These complaints are extremely stupid:
Many people were nose-to-nose with people on the Tube, trains and buses as well as platforms despite being told to be two metres apart to avoid catching coronavirus, which has claimed 335 lives so far.
Transport union TSSA today called for police to be deployed at all main London underground and overground stations to make sure only key workers are getting on trains amid claims Tube staff could walk out unless ID checks start immediately.
No doubt there are some people going out who shouldn’t be. But there are two things to remember here. London almost entirely relies on public transport. It’s been pushed as the way to travel in the capital for decades now. For most people there is no alternative to being squashed together like sardines to travel, it’s what the government has been forcing you to do. So don’t blame commuters if the dimwits in government are only now realising that there are massive downsides to high-density communal transport.
Secondly, I don’t think a lot of people understand just how many jobs are essential. The Guardianistas and the Twitterati and the chattering classes live in a rarified world where most people are ballet teachers, or diversity coordinators, or graduate students, or they live off their husbands.

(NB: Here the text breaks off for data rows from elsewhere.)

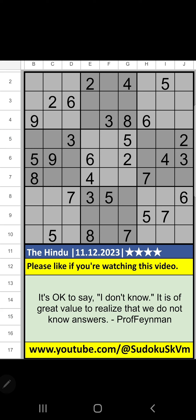Welcome to Studiogu SKVM. I am going to solve the Hindu newspaper Sudoku puzzle on December 11, 2023, four stars.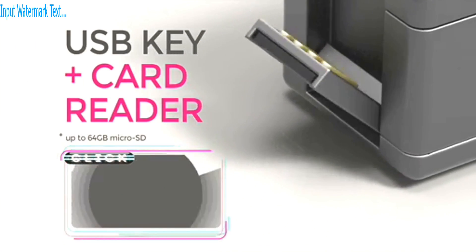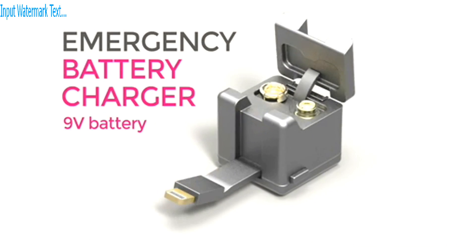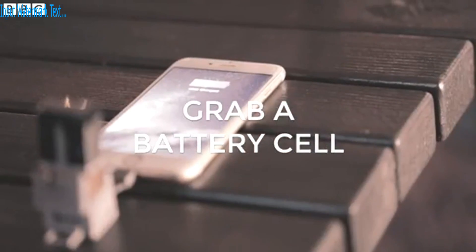It also offers extra memory, an LED flashlight, and most excitingly, emergency charging. If, like me, you sometimes forget to charge your power pack, then a good old-fashioned battery can come to the rescue.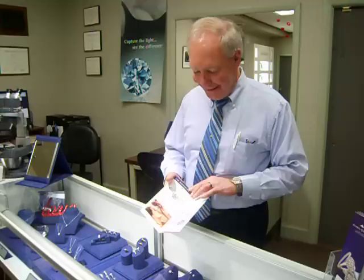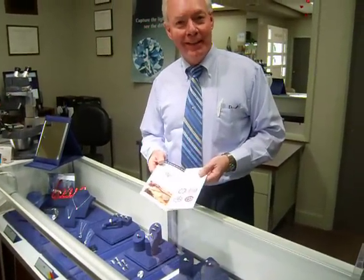Hi, John Kerr again from Geron Diamond Jewelers. Today we're going to look at Hearts on Fire, the world's most perfectly cut diamonds.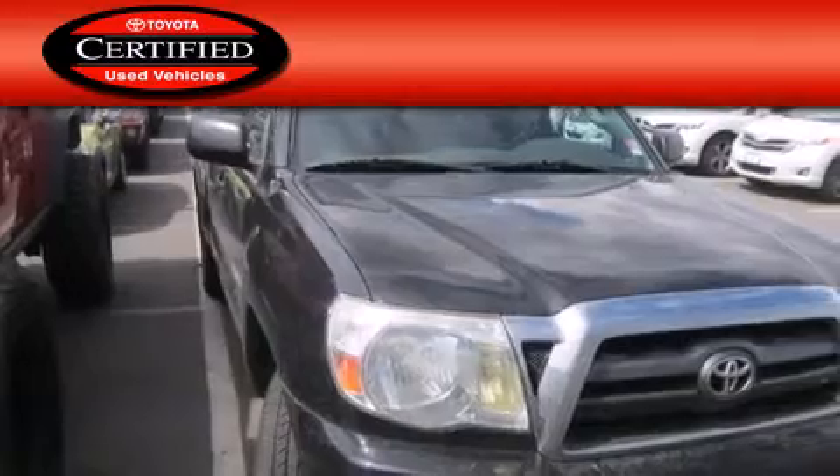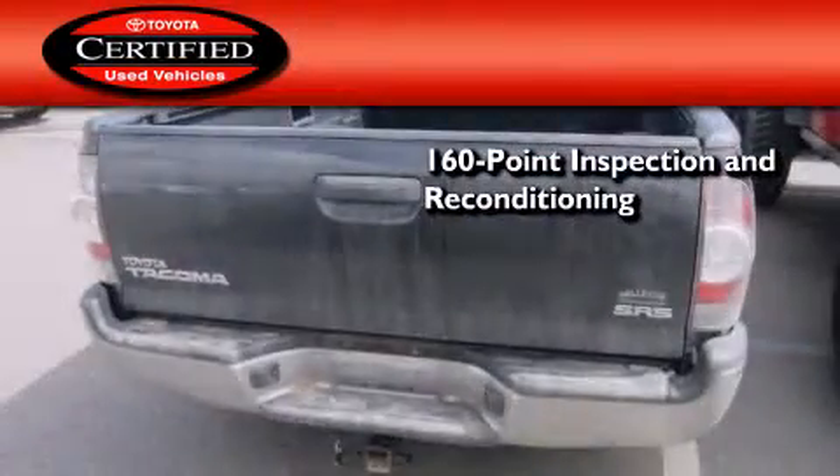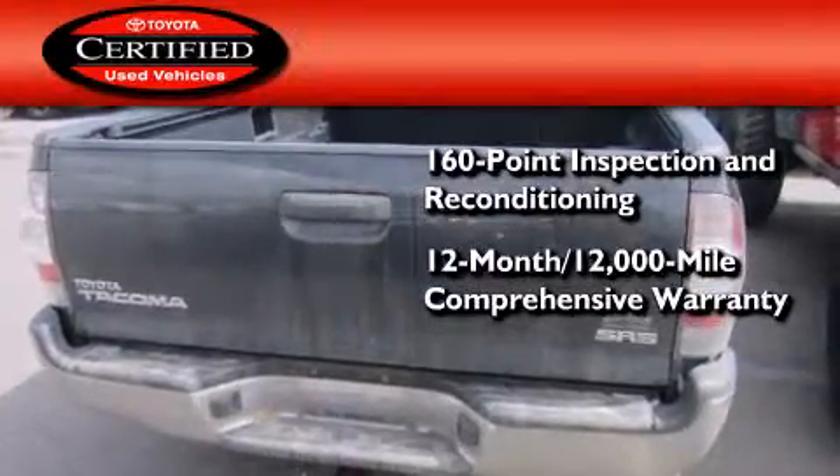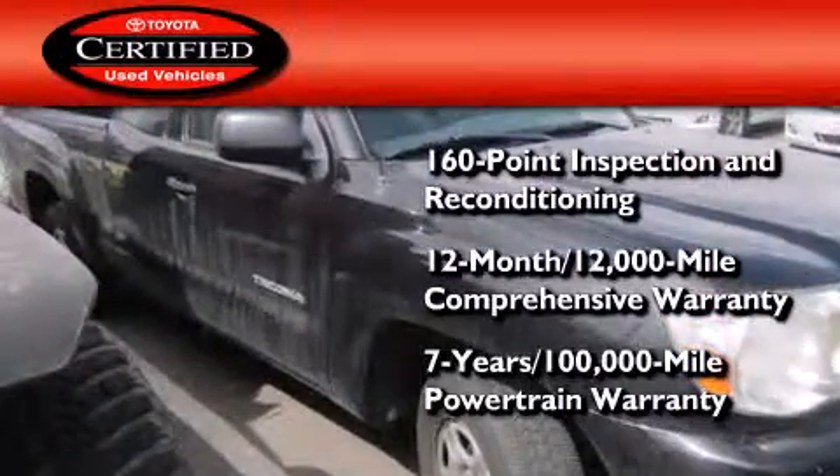Toyota's certification includes a 160-point inspection and an extensive reconditioning process, plus a 3-month, 3,000-mile comprehensive warranty, and a 7-year, 100,000-mile powertrain warranty.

They don’t realise that there are millions of people doing everyday work that needs to keep going if they are to be fed and showered and able to use their phones.

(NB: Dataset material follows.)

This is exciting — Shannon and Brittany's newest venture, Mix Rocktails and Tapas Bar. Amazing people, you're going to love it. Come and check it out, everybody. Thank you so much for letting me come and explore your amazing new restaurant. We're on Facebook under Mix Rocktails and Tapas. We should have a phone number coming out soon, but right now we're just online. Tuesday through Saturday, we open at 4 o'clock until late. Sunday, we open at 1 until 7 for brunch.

Here are just some of the workers who need to keep working:
Doctors, nurses, and all NHS staff.
Everyone who works in the water industry.
Everyone who works in the gas industry.
Everyone who works in the electricity industry, including workers at power stations.

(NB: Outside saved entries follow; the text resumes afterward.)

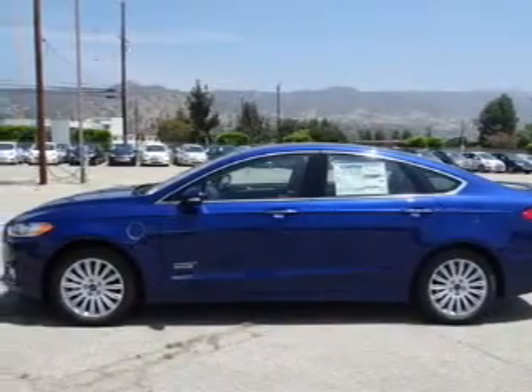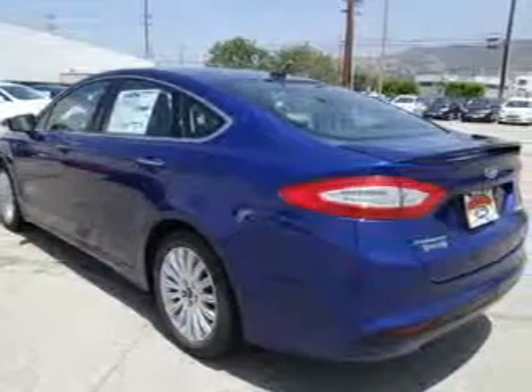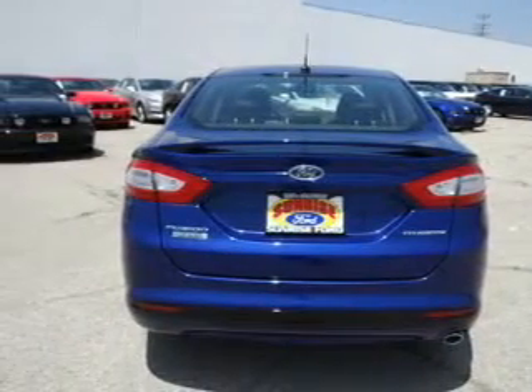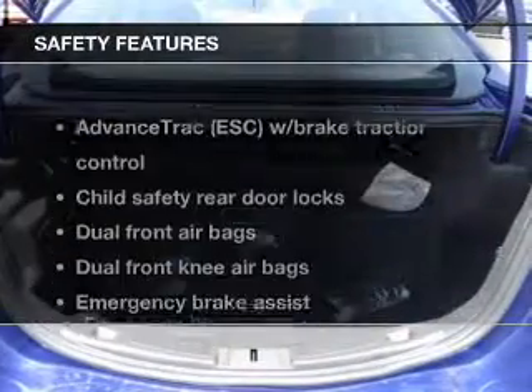Navigation is included to help you get to your destination with ease. Stand out from the crowd with premium wheels. Heated seats offer comfort in cold weather. Enjoy the flexibility of multi-zone temperature controls. Let the outside in with the built-in sunroof.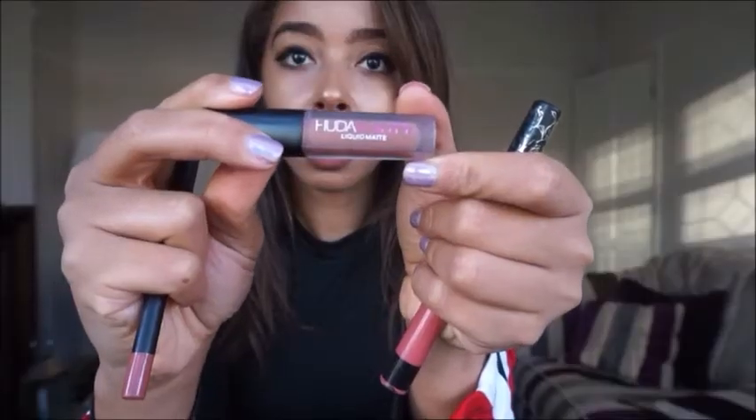Next are the lips. I'm just using the Huda Trendsetter Lip Liner, and then again I'm using the Matte Lipstick in Trendsetter, which is also Huda.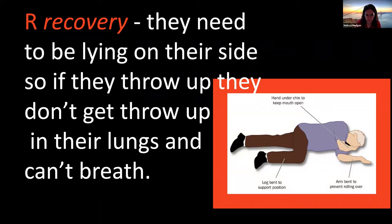Last, we have recovery position. If they're unconscious, they need to be on their side. After we've done the chin lift, we're going to roll them to their side, because sometimes people in trauma will throw up and we don't want that to go back down into their lungs. So we check danger, check breathing and the airway, and get them into the recovery position.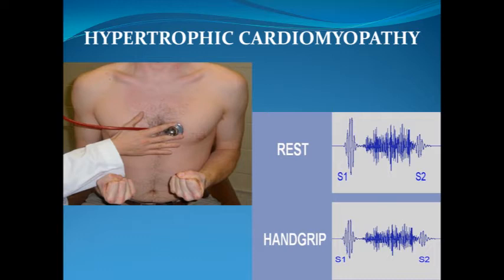Listen to the change in the murmur of hypertrophic cardiomyopathy with a hand grip maneuver. I will begin with the patient in the resting position. Hand grip.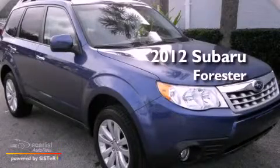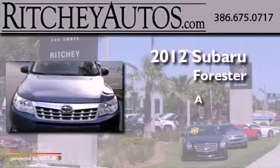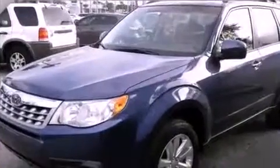This is a brand new 2012 Subaru Forester. All of the following features are included.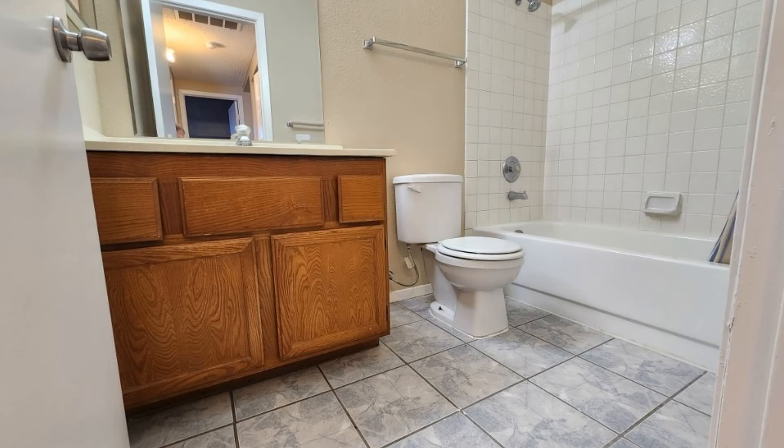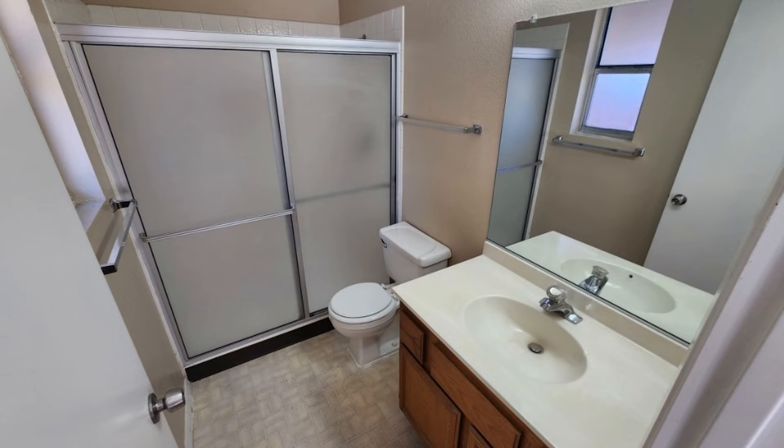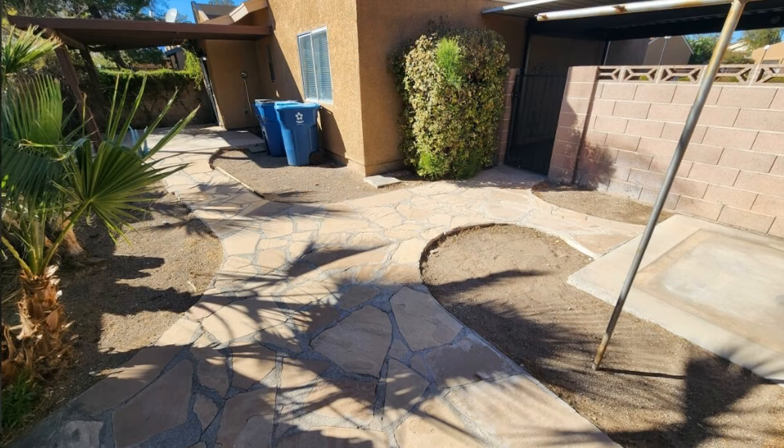Conveniently located across from the community pool and close to shopping, restaurants, and movie theaters. If you're interested in this Las Vegas, Nevada rental property, or want to know what other rentals are available in the area, contact us today. We are ready to help you find your next home. Rent from us and experience living in a professionally managed home. Give us a call now.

Everyone who works keeping the physical internet running, and a lot of the software workers too.
Everyone who works in supermarkets and corner stores and other food shops.
Everyone who works in farming.
Everyone who works in the food and drink production industry.
Everyone who works in warehousing food and drink.
Everyone who works delivering food and drink to shops.
Everyone who works in making essential non-food items, like toilet paper, hand sanitiser, soap, bleach, cleaning products, etc., including production, admin, warehousing, delivery.
A lot of the people who work in the newspaper business.
Everyone who works in the business of keeping mobile phone signals working.
Everyone who works in the production of mobile phones, including the designers, the factory workers, the admin staff, the warehouse workers, the delivery men.
Everyone who works in the production of webcams, including the designers, the factory workers, the admin staff, the warehouse workers, the delivery men.
Everyone who works in the postal services.
A lot of people who work in insurance (it’s a busy time for them, and they can’t all work from home).
Everyone who works at places like Amazon warehouses, and all the other online warehouses.
All the enormous number of delivery drivers.
Train drivers and train workers.
The people who make sure the roads are running.
RAC, AA, Green Flag people rescuing stranded cars.
People who work at garages/petrol stations.
Petrol tanker drivers.
Everyone who works at the oil refineries, and the drilling rigs.
Computer systems people keeping important computer systems going.
People working in banking (some could work from home, but a lot can’t).
The people who fill up the cash machines.
The people who fix power outages (plenty of that around my way recently).
The people who fix the water when the pipes burst (also plenty of that around my way recently).
Rubbish men, and the workers at the depots they take the rubbish to.
A lot of council workers (although I bet many will stay at home, which will be for the best.)
A lot of call centre workers who need to be there in the office to be on the system.
The teachers who are still teaching.
The daycare workers whom are looking after the kids of all these people.
The people who work in old age care homes.
Everyone who keeps the TV and radio stations going.
Repairmen and women, who must continue making urgent repairs.
Sewage workers who make sure the sewers keep working, because if they stop working then you’ll really know what disease is (thanks to Jim for this one).
And so on, and so on. I’m sure you can add many more. We’re talking millions of people who have to keep going into work, and who can’t just ‘work from home’, or take an unscheduled holiday. Probably at least a third of the workforce, maybe half. Most of the working-class, who it turns out, are far more valuable to society than all the gender officers and climate scientists and Feng Shui consultants.
You can’t just shut down all this, and expect to have water coming out of the taps, food on your plates, your mobiles and webcams working, and have your sick parents looked after. If you think no-one should be going to work except a couple of policemen then you know nothing about how the real world works.